Today motorsport mourns the loss of Professor Sid Watkins, a wonderful man who engineered an era of safety into the sport that holds true today and a man whom many, both inside and outside the sport, look up to with great admiration and respect for everything he’s done. Writing obituaries is something that I very rarely do but I believe that a man like Sid deserves to have something written to reflect just how much important his contribution was to Formula 1. It’s incredibly easy to notice the amount of response this sad news has garnered from drivers, motorsport media, fans and even more so than that. In fact I don’t think I’ve ever heard a bad word being said against Sid which only further cements how well-regarded he is.

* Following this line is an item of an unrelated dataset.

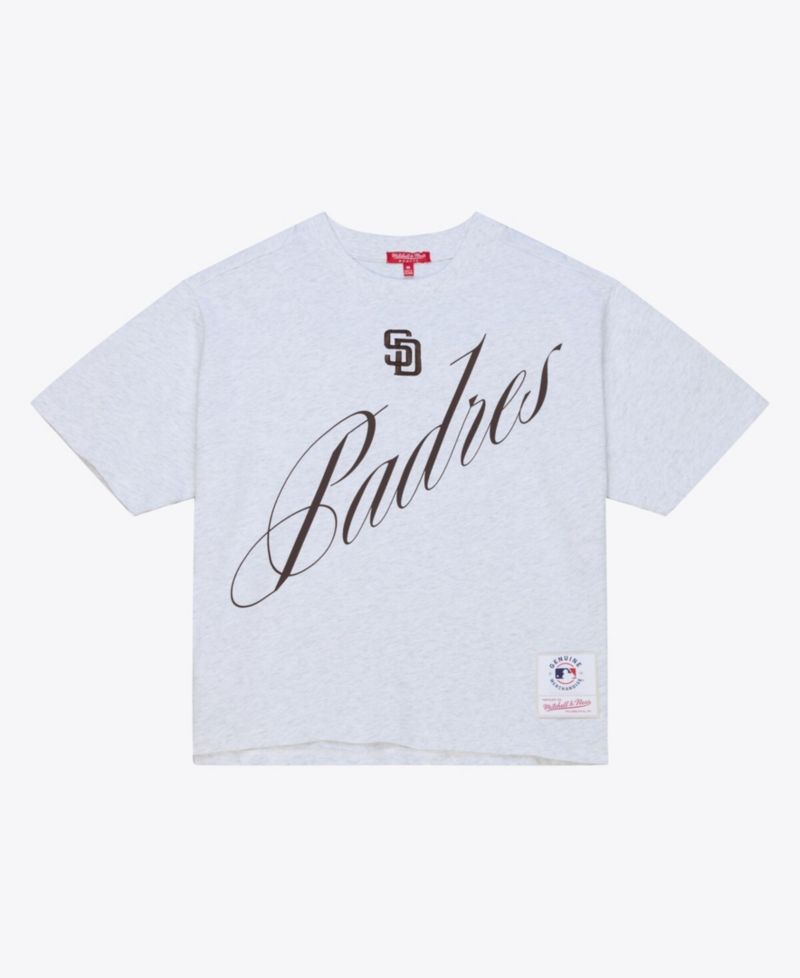 Women's Heather Gray San Diego Padres Script Cropped Boxy T-Shirt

The wonderful thing about Sid Watkins is that he touched and changed many lives without possibly even realising it. Today I’ve been thinking about if it wasn’t for Sid, I wouldn’t have grown up being quite amazed by Mika Hakkinen and then going onto discovering Rubens Barrichello as the driver whom I’ve followed almost all my Formula 1 viewing life. If it wasn’t for his quick responses to the horrific crashes both Hakkinen and Barrichello had and saving their lives its very strange how different life could be for all kinds of reasons and it would be a fair understatement to suggest how much both drivers value what he did for them. This of course goes way up and beyond just Hakkinen and Barrichello; Sid figure headed a change in safety that Jackie Stewart had been pushing towards before him and his action had led to Formula 1 changing forever for many, many ways and I doubt there’s a driver in the sport that doesn’t think highly of the man for everything he’s done both past and present, and no doubt in the future too. We can easily complain about the health and safety parade making things too safe but when you look back at previous periods of history and the tragedy associated with these eras I don’t think there could possibly be enough thanks for the contribution he’s made to see the sport as safe as it is now. Can you imagine the likes of what happened to Robert Kubica in Canada and Felipe Massa in Hungary in previous decades?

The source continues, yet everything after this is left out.